## [Records shown]
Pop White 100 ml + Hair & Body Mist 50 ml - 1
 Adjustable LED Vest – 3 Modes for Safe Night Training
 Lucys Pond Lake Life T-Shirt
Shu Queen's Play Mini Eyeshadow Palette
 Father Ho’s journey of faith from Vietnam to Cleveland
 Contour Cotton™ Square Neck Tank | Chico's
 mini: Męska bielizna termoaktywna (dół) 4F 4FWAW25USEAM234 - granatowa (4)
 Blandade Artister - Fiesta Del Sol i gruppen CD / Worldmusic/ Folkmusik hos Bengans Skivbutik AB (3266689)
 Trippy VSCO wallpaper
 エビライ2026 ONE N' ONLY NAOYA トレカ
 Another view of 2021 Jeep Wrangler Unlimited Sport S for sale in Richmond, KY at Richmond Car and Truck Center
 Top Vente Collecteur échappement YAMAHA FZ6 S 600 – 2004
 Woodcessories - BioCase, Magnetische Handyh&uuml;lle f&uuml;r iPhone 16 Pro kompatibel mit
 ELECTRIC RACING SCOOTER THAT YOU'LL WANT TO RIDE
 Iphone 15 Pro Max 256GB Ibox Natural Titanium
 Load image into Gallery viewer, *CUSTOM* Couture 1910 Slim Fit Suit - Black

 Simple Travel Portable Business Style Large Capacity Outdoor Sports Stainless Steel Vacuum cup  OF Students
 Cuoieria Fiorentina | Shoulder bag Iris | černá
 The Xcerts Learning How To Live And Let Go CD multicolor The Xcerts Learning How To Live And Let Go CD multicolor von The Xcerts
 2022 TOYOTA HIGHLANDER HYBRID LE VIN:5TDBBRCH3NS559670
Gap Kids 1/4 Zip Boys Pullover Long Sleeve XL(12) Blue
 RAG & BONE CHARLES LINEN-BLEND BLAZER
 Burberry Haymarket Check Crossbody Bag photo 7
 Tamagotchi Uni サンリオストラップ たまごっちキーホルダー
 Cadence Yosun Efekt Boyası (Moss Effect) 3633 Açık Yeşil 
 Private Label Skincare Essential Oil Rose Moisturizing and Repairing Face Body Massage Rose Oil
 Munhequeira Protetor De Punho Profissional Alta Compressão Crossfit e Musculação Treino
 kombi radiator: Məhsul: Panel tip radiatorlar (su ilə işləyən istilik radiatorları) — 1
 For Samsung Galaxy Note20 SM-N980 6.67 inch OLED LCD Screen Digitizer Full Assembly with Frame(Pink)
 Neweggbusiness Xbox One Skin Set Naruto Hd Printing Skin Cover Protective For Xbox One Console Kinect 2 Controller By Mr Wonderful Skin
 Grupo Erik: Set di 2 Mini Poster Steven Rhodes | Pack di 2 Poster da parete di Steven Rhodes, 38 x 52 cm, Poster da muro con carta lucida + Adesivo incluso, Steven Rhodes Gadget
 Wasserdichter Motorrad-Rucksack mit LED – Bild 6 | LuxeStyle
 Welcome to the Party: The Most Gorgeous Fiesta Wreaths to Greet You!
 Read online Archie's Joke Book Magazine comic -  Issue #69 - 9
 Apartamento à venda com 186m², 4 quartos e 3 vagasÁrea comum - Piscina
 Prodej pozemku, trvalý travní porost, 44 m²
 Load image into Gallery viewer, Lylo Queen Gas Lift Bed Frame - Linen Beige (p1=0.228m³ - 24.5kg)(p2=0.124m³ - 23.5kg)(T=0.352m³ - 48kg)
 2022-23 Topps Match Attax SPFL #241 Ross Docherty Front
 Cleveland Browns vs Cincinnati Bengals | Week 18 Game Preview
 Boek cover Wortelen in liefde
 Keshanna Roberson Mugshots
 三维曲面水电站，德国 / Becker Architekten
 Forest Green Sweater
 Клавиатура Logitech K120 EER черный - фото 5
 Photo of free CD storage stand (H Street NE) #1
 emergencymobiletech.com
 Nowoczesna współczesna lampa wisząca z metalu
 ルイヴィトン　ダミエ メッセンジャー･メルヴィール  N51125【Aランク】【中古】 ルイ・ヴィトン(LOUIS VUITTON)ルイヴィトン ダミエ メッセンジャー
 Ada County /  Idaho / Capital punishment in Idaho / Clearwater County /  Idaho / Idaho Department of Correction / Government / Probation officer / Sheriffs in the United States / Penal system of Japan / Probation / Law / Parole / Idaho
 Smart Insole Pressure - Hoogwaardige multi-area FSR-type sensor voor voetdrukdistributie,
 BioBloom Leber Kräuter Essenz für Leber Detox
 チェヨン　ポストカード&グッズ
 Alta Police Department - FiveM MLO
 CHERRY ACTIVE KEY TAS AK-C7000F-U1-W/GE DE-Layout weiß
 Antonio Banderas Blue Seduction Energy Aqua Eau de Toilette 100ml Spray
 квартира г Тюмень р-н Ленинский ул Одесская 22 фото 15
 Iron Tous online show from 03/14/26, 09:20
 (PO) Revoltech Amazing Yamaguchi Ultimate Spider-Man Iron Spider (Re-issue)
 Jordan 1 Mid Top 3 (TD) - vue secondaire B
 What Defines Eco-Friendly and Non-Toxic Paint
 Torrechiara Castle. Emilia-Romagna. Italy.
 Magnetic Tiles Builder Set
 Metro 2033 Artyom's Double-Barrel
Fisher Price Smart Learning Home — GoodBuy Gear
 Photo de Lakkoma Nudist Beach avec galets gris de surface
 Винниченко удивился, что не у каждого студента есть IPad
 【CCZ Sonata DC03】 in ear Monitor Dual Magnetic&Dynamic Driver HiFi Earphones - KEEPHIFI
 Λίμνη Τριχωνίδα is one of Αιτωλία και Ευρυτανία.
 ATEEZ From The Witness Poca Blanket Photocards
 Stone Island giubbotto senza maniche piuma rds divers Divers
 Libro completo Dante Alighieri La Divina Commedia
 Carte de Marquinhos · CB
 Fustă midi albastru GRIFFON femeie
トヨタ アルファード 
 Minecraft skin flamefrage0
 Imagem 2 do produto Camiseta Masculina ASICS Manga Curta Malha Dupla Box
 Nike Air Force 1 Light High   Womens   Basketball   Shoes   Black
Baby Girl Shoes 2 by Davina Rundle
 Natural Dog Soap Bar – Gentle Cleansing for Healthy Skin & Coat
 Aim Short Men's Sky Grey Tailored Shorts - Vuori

## [Exercise objective]
Please return only the lines above, starting at the line that has "Gap Kids 1/4" and ending at the line that has "Prodej pozemku, trvalý travní porost, 44 m²", keeping both and leaving each one unchanged.

## [Exercise result]
Gap Kids 1/4 Zip Boys Pullover Long Sleeve XL(12) Blue
 RAG & BONE CHARLES LINEN-BLEND BLAZER
 Burberry Haymarket Check Crossbody Bag photo 7
 Tamagotchi Uni サンリオストラップ たまごっちキーホルダー
 Cadence Yosun Efekt Boyası (Moss Effect) 3633 Açık Yeşil 
 Private Label Skincare Essential Oil Rose Moisturizing and Repairing Face Body Massage Rose Oil
 Munhequeira Protetor De Punho Profissional Alta Compressão Crossfit e Musculação Treino
 kombi radiator: Məhsul: Panel tip radiatorlar (su ilə işləyən istilik radiatorları) — 1
 For Samsung Galaxy Note20 SM-N980 6.67 inch OLED LCD Screen Digitizer Full Assembly with Frame(Pink)
 Neweggbusiness Xbox One Skin Set Naruto Hd Printing Skin Cover Protective For Xbox One Console Kinect 2 Controller By Mr Wonderful Skin
 Grupo Erik: Set di 2 Mini Poster Steven Rhodes | Pack di 2 Poster da parete di Steven Rhodes, 38 x 52 cm, Poster da muro con carta lucida + Adesivo incluso, Steven Rhodes Gadget
 Wasserdichter Motorrad-Rucksack mit LED – Bild 6 | LuxeStyle
 Welcome to the Party: The Most Gorgeous Fiesta Wreaths to Greet You!
 Read online Archie's Joke Book Magazine comic -  Issue #69 - 9
 Apartamento à venda com 186m², 4 quartos e 3 vagasÁrea comum - Piscina
 Prodej pozemku, trvalý travní porost, 44 m²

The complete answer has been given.